One of these quarterbacks will join that short list, and the other will join the longer list of great seasons to end up just short. Matt Ryan put up an obscene 9.3 yards per attempt over the entire season, and has pretty much matched that in the playoffs, while throwing 38 touchdowns. Tom Brady has put up his 2nd-most efficient season (behind 2007), throwing only 2 interceptions to 28 touchdowns after missing the first four games due to the league suspension. Had he not missed those games, Brady would have been right in line with Ryan as well.
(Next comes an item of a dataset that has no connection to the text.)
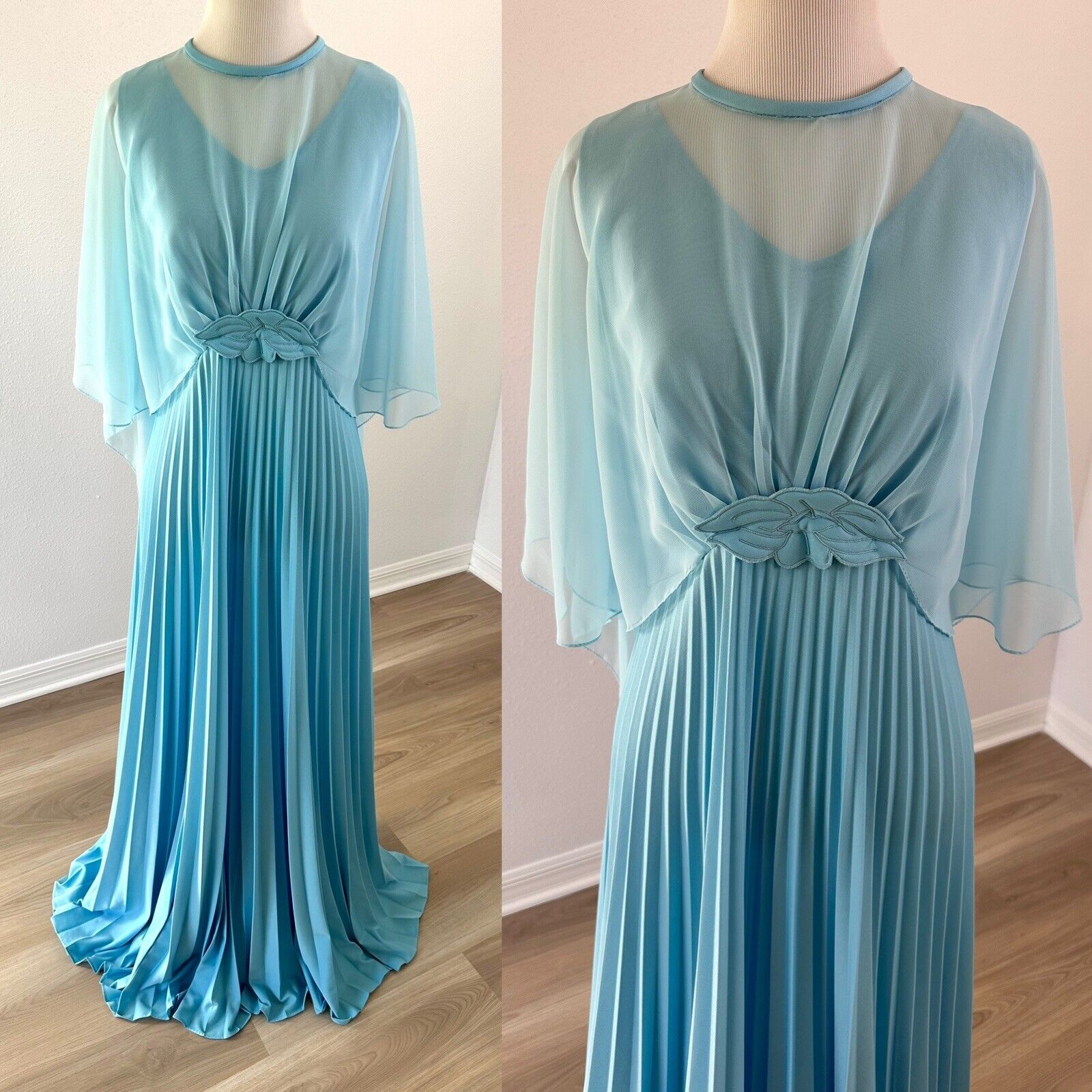 Vintage 70s Pleated Maxi Dress Sheer Chiffon Cape Blue Hostess Dress 34” Bust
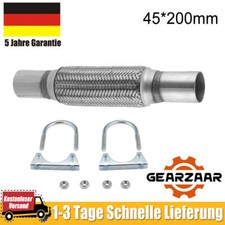 für VW Polo 9N 1.2 1.4 Flexrohr 45x200 mm Montage ohne Schweißen mit 2x Schellen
Ryan doesn’t have the reputation, but what he does going forward will likely impact our perception looking back. Tom Brady’s first huge statistical season was 2007, when he won his first MVP award and first all-pro selection. He was just one year younger than Ryan is now. Both had 3 pro bowl selections before their monster years.

Brady, meanwhile, has happened to lose the two Super Bowls when he had his best regular season numbers. This year, he will try to reverse that.

This marks the fifth meeting in the post-merger Super Bowl era between the two quarterbacks selected first and second team all-pro by the Associated Press, joining Manning-Brees (2009), Kelly-Rypien (1991), Marino-Montana (1984), and Anderson-Montana (1981). In all of those prior matchups, the player that was selected first team all-pro ended up losing the Super Bowl.